Getting Pregnant: 101.
Have you noticed all the babies lately? You can't go anywhere without seeing strollers, babies in slings, babies strapped on the fronts, backs and sides of mamas & dadas, or toddlers bopping around. You can likely name at least 5 people who have given birth in the past year. They're calling it a baby Boomlet with 2007 being a record high for babies being born and 2008 not yet accounted for. Baby making is in the air.
Health consciousness is in the air too. I have a lot of women coming in these days saying, "I don't want to get pregnant right now, but we're thinking about having a baby in the next year or so. What should I be doing in the meantime?" I applaud these women for putting their baby's health as a priority. Giving your baby the best possible start in life is the gift that keeps giving. Here are a few guidelines for having a healthy pregnancy and a healthy baby:
*Eat as though you are already pregnant: during pregnancy your caloric intake increases about 300 calories/day. That's not what I mean here. I mean eat a whole foods diet. Cut back on caffeine, sugar, and alcohol. Make sure you're getting 60-80 grams of protein per day. Drink 2-3 Liters of water per day.

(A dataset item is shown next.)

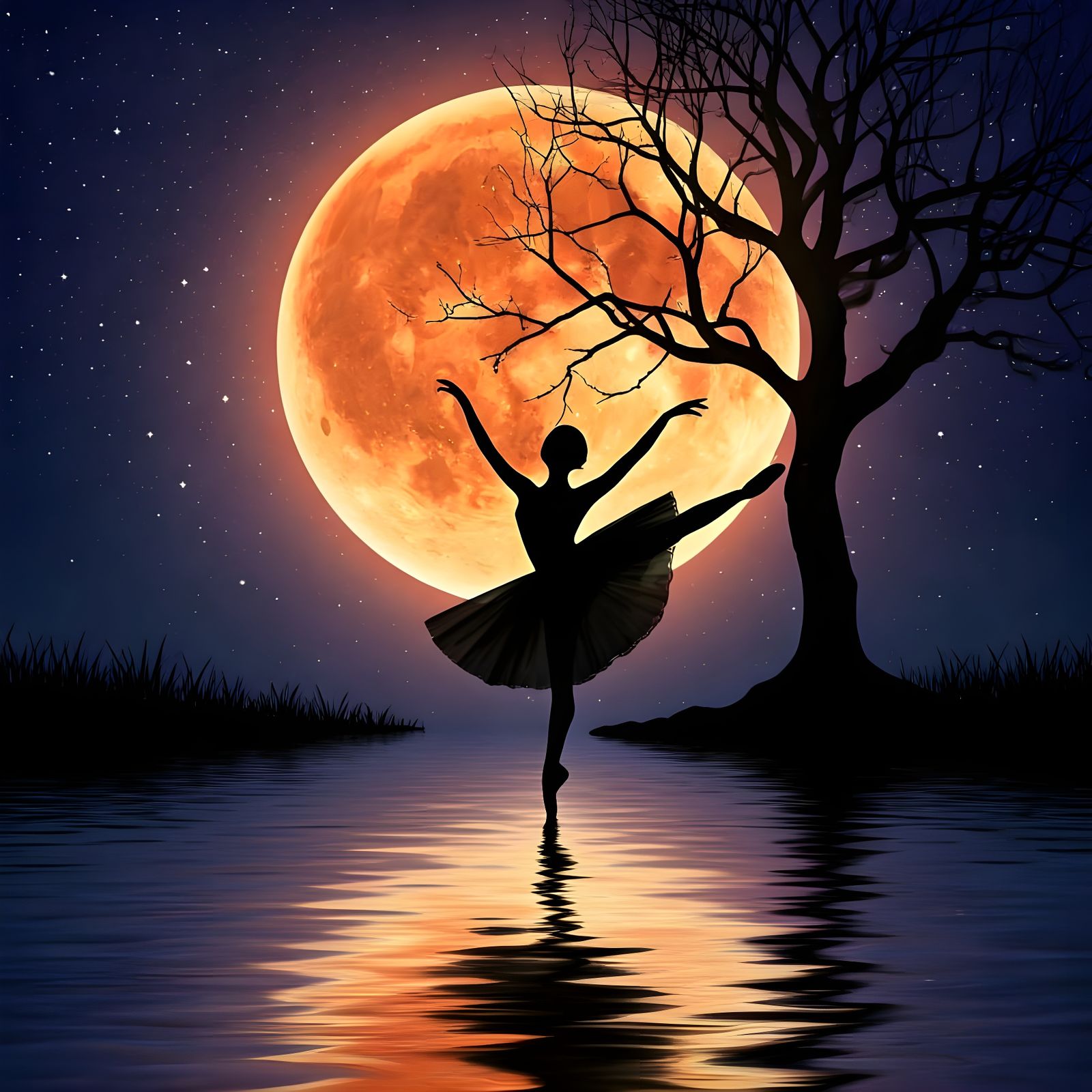 Blood Moon Reflection in Watercolor Style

*Take your vitamins: 6-12 months prior to "starting" to get pregnant, begin taking Pre-natal Vitamins. This will ensure appropriate amounts of things like Calcium, Folic Acid, Iron, Zinc, and Vitamin A (all are different amounts than regular vitamins).

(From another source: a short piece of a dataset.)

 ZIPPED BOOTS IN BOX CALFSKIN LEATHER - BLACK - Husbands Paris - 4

*Detox: pregnancy, breastfeeding, and trying to get pregnant are not the times to do any sort of cleansing, fasting, or detoxing**. Any time you're going through this, you're putting toxins and waste into the bloodstream which goes to the baby as well. I think it's a great idea to do a cleanse before or in between pregnancies. If you've been thinking about doing any kind of detox, do it before you start trying or wait until you're done breastfeeding.
Next week I'll talk about nutrition during pregnancy. So check back & have a great week!
**Any fasting, cleansing, or detox program should be supervised by a healthcare practitioner.